You can’t help but notice the contradictions when you stroll along Dublin’s North Wall Quay on any weekday morning. On one side of the River Liffey rises the shiny Salesforce campus. Google’s European operations are spread across several structures close to the Grand Canal Dock. The area feels genuinely prosperous in a way that only some tech-heavy urban corridors can; this is the kind of prosperity that is described in international business press as a small country outperforming its peers.
Then someone brings up rent, which in Dublin averages €2,300 per month. a national average of €2,102. Since 2015, real estate prices have increased by 91%. At the beginning of 2025, there were a record 14,500 homeless people. It is nearly overwhelming to see the difference between the skyline and the real-life experiences of those who work beneath it.
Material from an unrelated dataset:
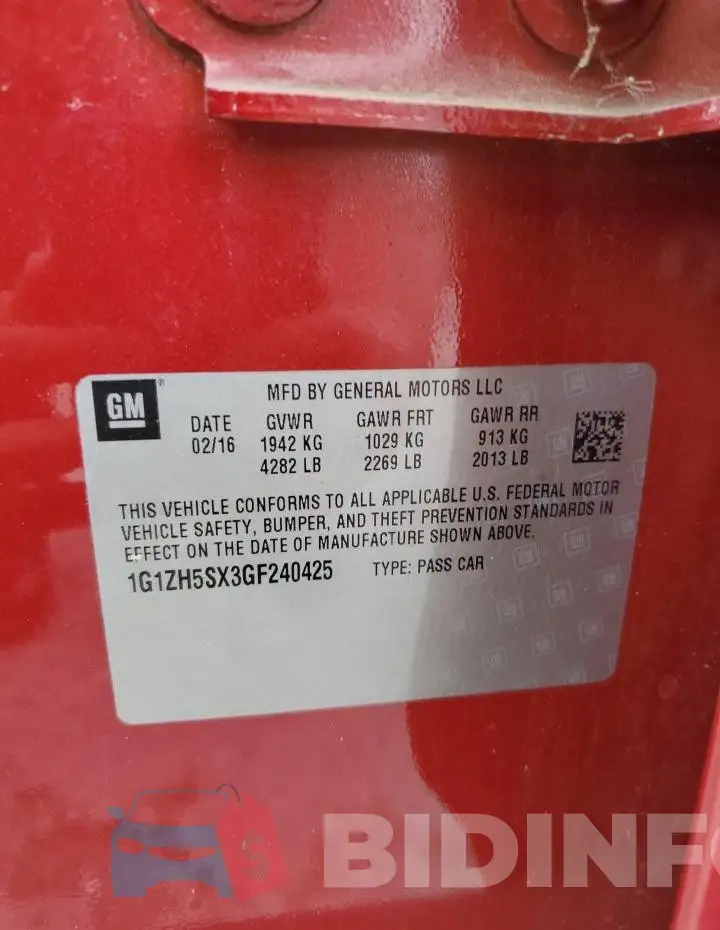 1G1ZH5SX3GF240425 Photo# 12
By all standards, Ireland’s corporate tax situation is remarkable. A small number of multinational corporations account for half of all corporation tax revenue. In 2021, foreign companies accounted for one-third of all wages paid in the state. The money came in waves, with companies like Apple, Google, Meta, and Pfizer building or growing, paying taxes at Ireland’s renownedly competitive rate, and creating jobs that had an impact on the overall economy. It was successful. Maybe too well.
What wasn’t constructed during this boom is the issue. Ireland’s homebuilding capacity was never fully restored after the 2008 banking crisis devastated the building industry. The number of workers decreased. Supply chains became thinner. Planning systems continued to be entangled in bureaucratic complexity that would try a saint’s patience. The basic infrastructure required to house the workers arriving to fill all those shiny offices simply did not materialize at the necessary pace, even as corporate tax receipts grew and government spending increased to meet them.
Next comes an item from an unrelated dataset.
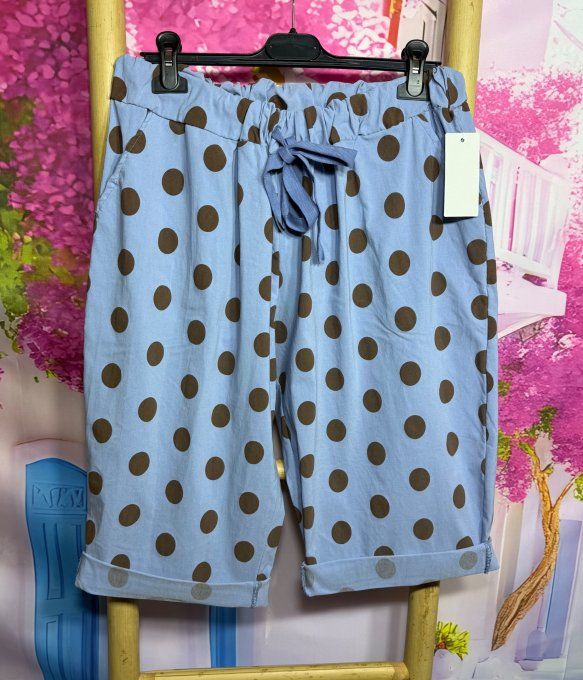 Bermuda / short long "magique" bleu jeans pois chocolat extensible confort ++++ du 40 au 52/54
Beyond mere talking points, the numbers are striking. To meet demand, the Central Bank estimates that Ireland needs about 52,000 new homes annually. According to current ESRI estimates, the nation will produce about 37,000 by 2026. This disparity—15,000 homes annually, compounding—represents a structural failure rather than merely an affordability crisis. Due to competition among contractors for a limited number of skilled workers, construction wages are increasing at a rate of 10% per year. The same workforce is being asked to complete large infrastructure projects, renovate existing properties, and construct new homes all at the same time. The system has no slack. No cavalry is on its way.
This is especially unsettling because, in theory, the money was there. According to the Irish Fiscal Advisory Council’s own analysis, the windfall from multinational taxes ought to have been saved and used for long-term investments, such as infrastructure, housing delivery, or patient capital expenditures that take years to pay off. Instead, Ireland has been spending the bonanza on current expenditures, filling gaps rather than laying the groundwork, as economist David McWilliams has noted with characteristic bluntness. According to that interpretation, the housing crisis is partially the result of political decisions made during prosperous times.
In ways that are difficult to ignore, employers have begun to take notice. After looking into Dublin’s housing market, between 25% and 33% of foreign recruits who had accepted jobs with Grant Thornton Ireland later withdrew. For the purpose of housing new cabin crew, Ryanair purchased forty homes close to Dublin Airport. Nowadays, businesses compete not only on pay packages but also on the ability to house newly hired employees. That is not a typical aspect of a healthy economy.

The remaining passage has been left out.